━━ Study material

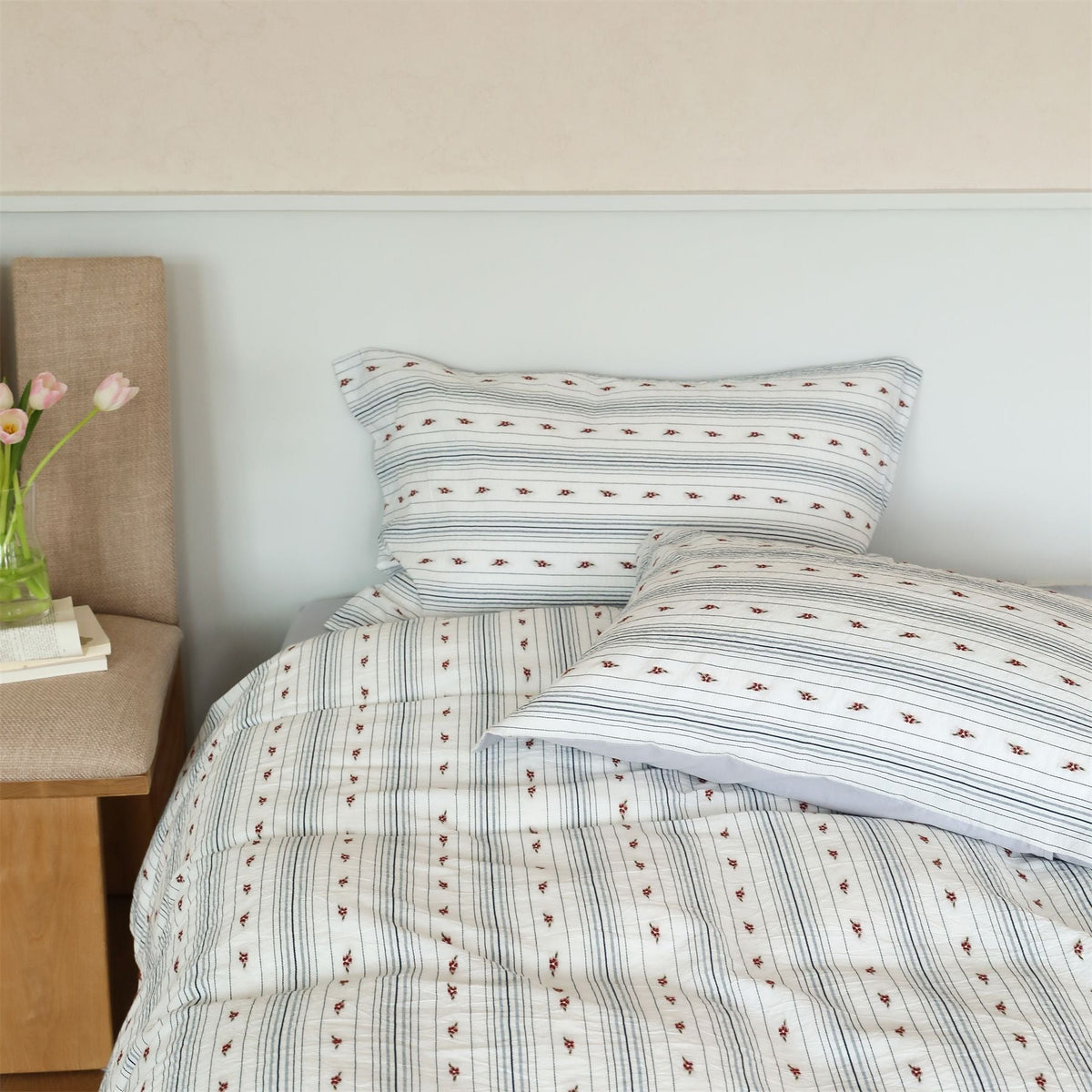 Quilted cotton bedding set with fine embroidery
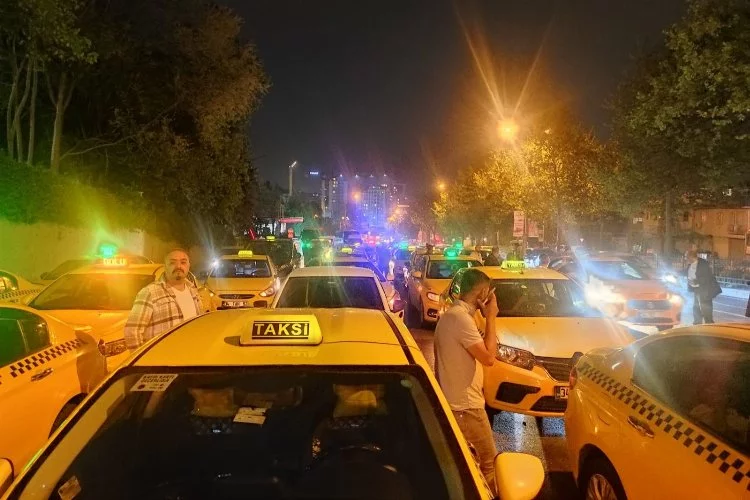 İstanbul'daki taksici cinayetinin ardından meslektaşları sokağa döküldü: Azrailimizi yanımızda taşıyoruz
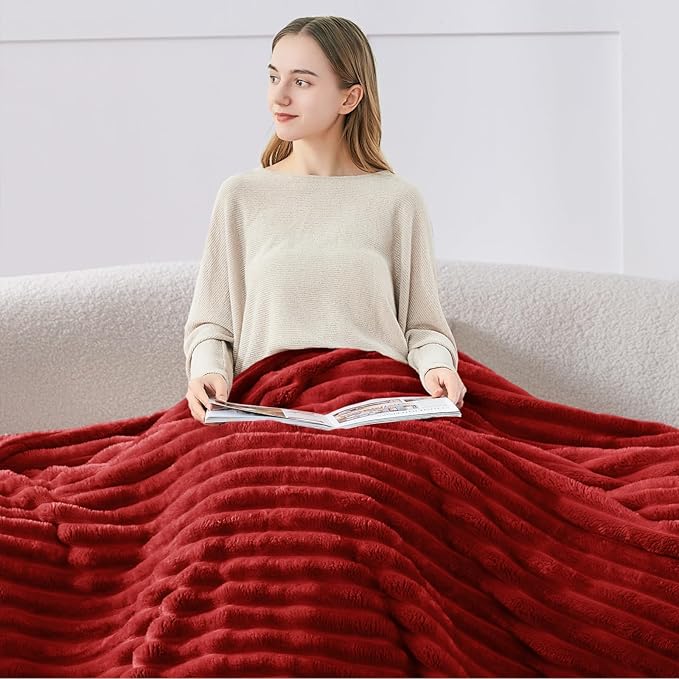BEDELITE Twin Blanket for Couch & Bed, 300GSM Soft & Warm Fleece Blanket, Decorative and Giftable Striped Burgundy Blankets for Women, Men, 60"x80"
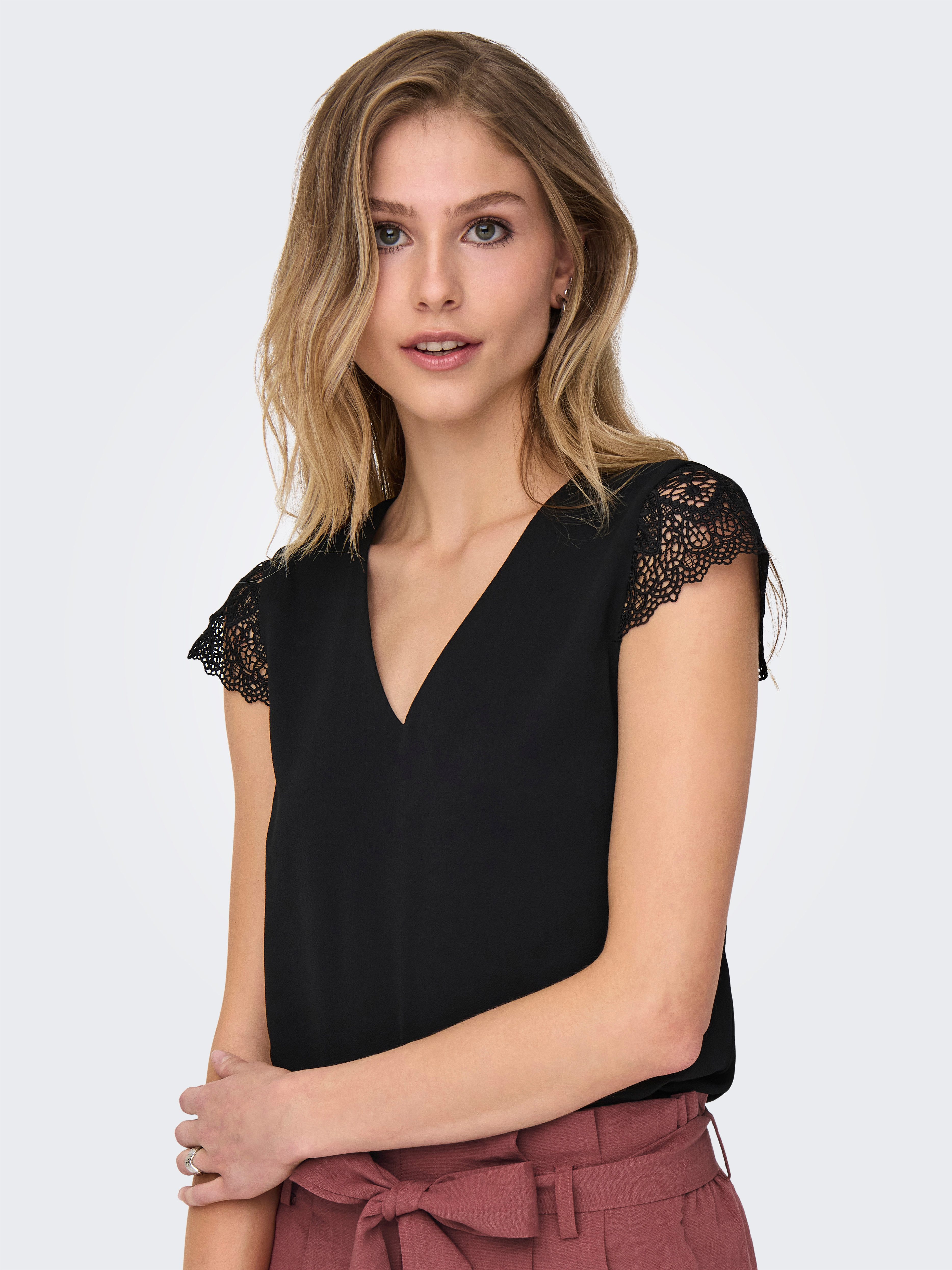 Only Shirt met korte mouwen ONLELVA FR S/S LACE V-NECK TOP CS PTM
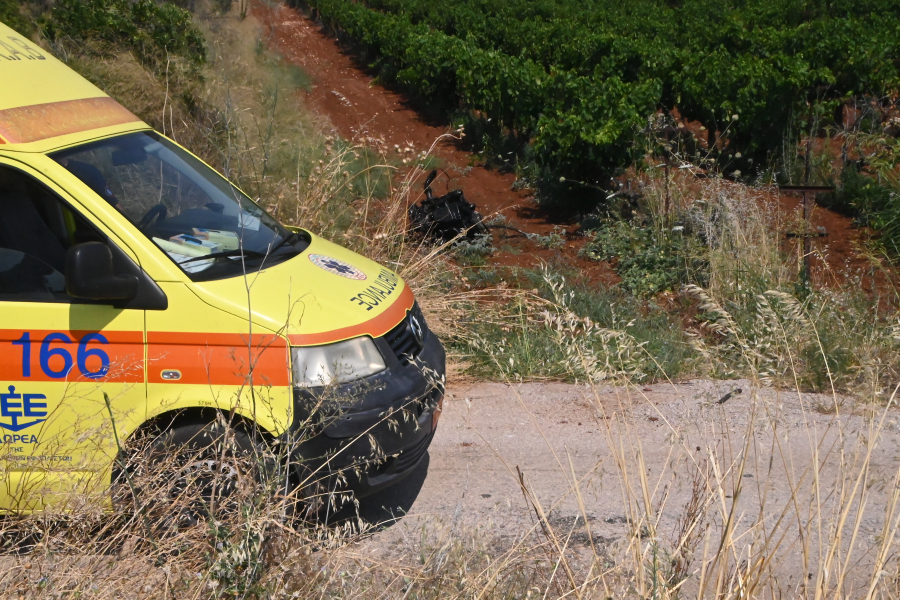 Άρτα: 16χρονος μοτοσικλετιστής έπεσε σε γκρεμό στον Γιαννιώτη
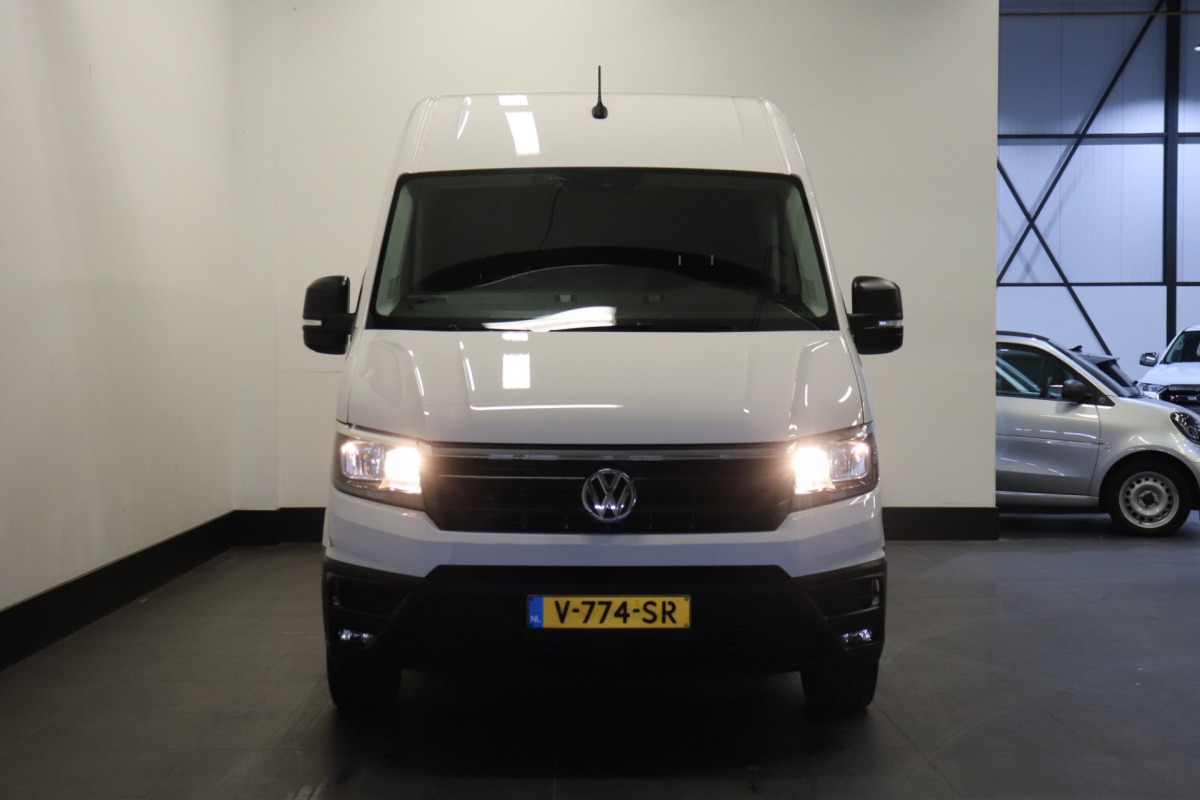 Volkswagen Crafter 2.0 TDI 177PK L3H3 - EURO 6 - Airco - Navi - Cruise - € 17.900,- Excl.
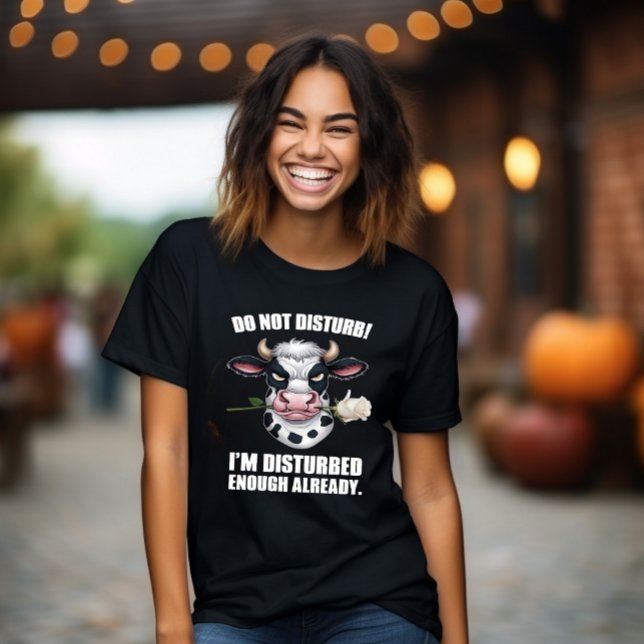 Camiseta Elegancia etérea: Rosa de sostén de vaca (Subido por el creador)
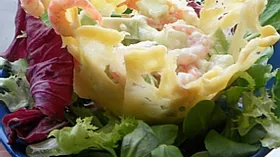 Креветочный салат в сырной корзиночке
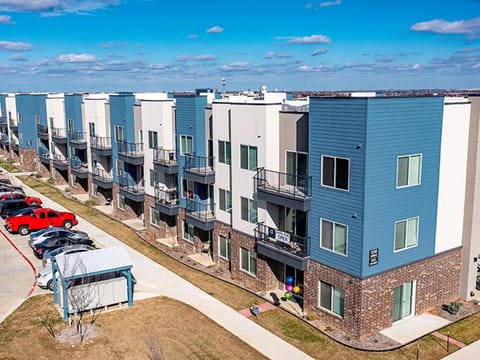 Landing at Camden Crossing - 1 Bedroom in Fort Worth Apartment in Fort Worth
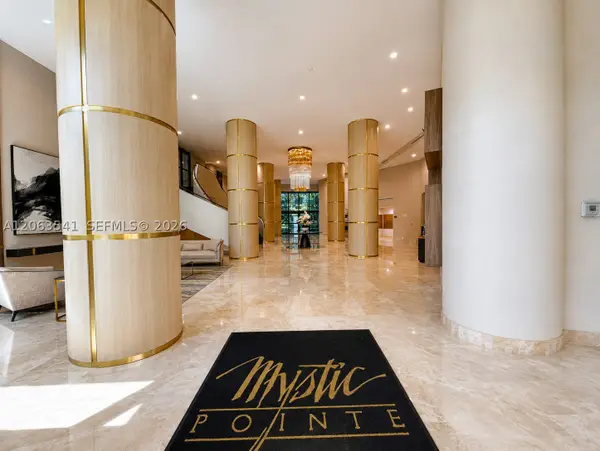 3500 Mystic Pointe #2204, Aventura, FL 33180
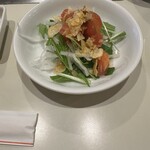 金龍 - サラダもドレッシングが美味しいです！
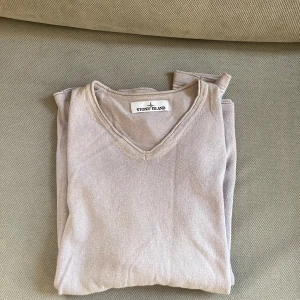 Stone island  - Lila Stone island v neck säljs utan patch då den är borttappad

━━━━

:: Exercise brief ::
Copy, word for word, the entries above from the first line to the line that holds "Volkswagen Crafter 2.0". Drop the pictures.

:: Expected answer ::
 Quilted cotton bedding set with fine embroidery
 İstanbul'daki taksici cinayetinin ardından meslektaşları sokağa döküldü: Azrailimizi yanımızda taşıyoruz
BEDELITE Twin Blanket for Couch & Bed, 300GSM Soft & Warm Fleece Blanket, Decorative and Giftable Striped Burgundy Blankets for Women, Men, 60"x80"
 Only Shirt met korte mouwen ONLELVA FR S/S LACE V-NECK TOP CS PTM
 Άρτα: 16χρονος μοτοσικλετιστής έπεσε σε γκρεμό στον Γιαννιώτη
 Volkswagen Crafter 2.0 TDI 177PK L3H3 - EURO 6 - Airco - Navi - Cruise - € 17.900,- Excl.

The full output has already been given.